David Raso: And maybe you don’t want to answer it, fine, but just so I can ask it again though, is there a number you can give us a sense of what your customers are asking for in ’24 relative to your guide, just so we know the torque? And, hey, if things do loosen up, as you said, the second half of the year, let’s say, third quarter in particular, we can get that upside, then what’s the conversation like on, “Look, if I can’t get it from you, I’m going somewhere else and I can get it for ’24,” or does it inherently push it into ’25? I’m just curious what those kind of dynamics thinking about the two years of AWP, not just ’24?
Simon Meester: Yeah. And I don’t think I can give you an answer today, David. What is important for us in 2024 is that what we’re committing to our customers is what we’re delivering on. And so that’s our first priority. And how much of that eventually will end up spilling over in 2025, what we’re currently committing to, we don’t want to spill over into 2025. And so that’s what we’re committing to. That’s what we want to build and that’s what we want to ship. Currently, we think that we have — we could have upside to the upper end of the range, but I can’t give you a number of what that eventually could look like when we hit the middle of the year, for example.
David Raso: I appreciate it. Okay, thank you.
Operator: Your next question comes from the line of Steve Volkmann with Jefferies. Your line is open.
Steve Volkmann: Great. Thank you, guys. Good morning, everybody. I’m going to stay with this theme a little bit. Can you sort of ballpark for us, I don’t know, two years or whenever this is — Monterrey facility is up and running in full steam, how much capacity are you adding in the AWP product, roughly?

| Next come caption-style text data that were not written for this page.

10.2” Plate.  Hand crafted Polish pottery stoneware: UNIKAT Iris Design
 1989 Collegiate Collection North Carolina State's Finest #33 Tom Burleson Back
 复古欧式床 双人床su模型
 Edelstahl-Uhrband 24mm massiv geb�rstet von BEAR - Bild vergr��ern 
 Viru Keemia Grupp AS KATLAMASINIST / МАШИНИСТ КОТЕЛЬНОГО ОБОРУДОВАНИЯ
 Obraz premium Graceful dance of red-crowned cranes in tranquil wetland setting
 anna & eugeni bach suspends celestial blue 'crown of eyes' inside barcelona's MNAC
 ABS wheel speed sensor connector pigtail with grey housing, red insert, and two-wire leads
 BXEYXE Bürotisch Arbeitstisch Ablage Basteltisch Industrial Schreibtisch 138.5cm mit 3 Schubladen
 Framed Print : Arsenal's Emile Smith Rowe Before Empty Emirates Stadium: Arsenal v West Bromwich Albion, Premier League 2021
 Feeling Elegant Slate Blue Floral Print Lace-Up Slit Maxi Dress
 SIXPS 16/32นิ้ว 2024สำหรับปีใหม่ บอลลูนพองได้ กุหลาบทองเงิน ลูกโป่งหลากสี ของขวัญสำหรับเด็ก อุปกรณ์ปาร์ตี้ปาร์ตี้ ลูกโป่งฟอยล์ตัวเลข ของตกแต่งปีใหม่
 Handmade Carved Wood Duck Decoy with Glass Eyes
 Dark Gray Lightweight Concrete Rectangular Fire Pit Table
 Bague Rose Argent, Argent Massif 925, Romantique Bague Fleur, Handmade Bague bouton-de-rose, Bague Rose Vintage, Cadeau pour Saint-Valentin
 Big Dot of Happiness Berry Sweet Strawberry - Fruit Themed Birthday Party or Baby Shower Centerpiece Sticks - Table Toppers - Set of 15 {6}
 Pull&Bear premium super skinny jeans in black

Simon Meester: So, the main reason we built Monterrey, we are building Monterrey, was — because we wanted to improve the overall competitiveness of the business. So, it was mostly to improve Genie’s through cycle margin performance. And as I mentioned, the project goes really well. We’re also expanding our supply base, and it’s mostly a facility that will be focused on supporting North America. What it will actually mean in terms of capacity expansion, I can’t give you a hard number, to be very honest with you. It’s a facility that’s mostly that helped us to kind of bring some higher-cost facilities offline like Oklahoma City and Rock Hill. So for us, it was mostly cost and competitiveness play, but obviously, the facility is built to grow. And so, we can expand going forward, but for now it’s mostly to bring higher-cost capacity offline.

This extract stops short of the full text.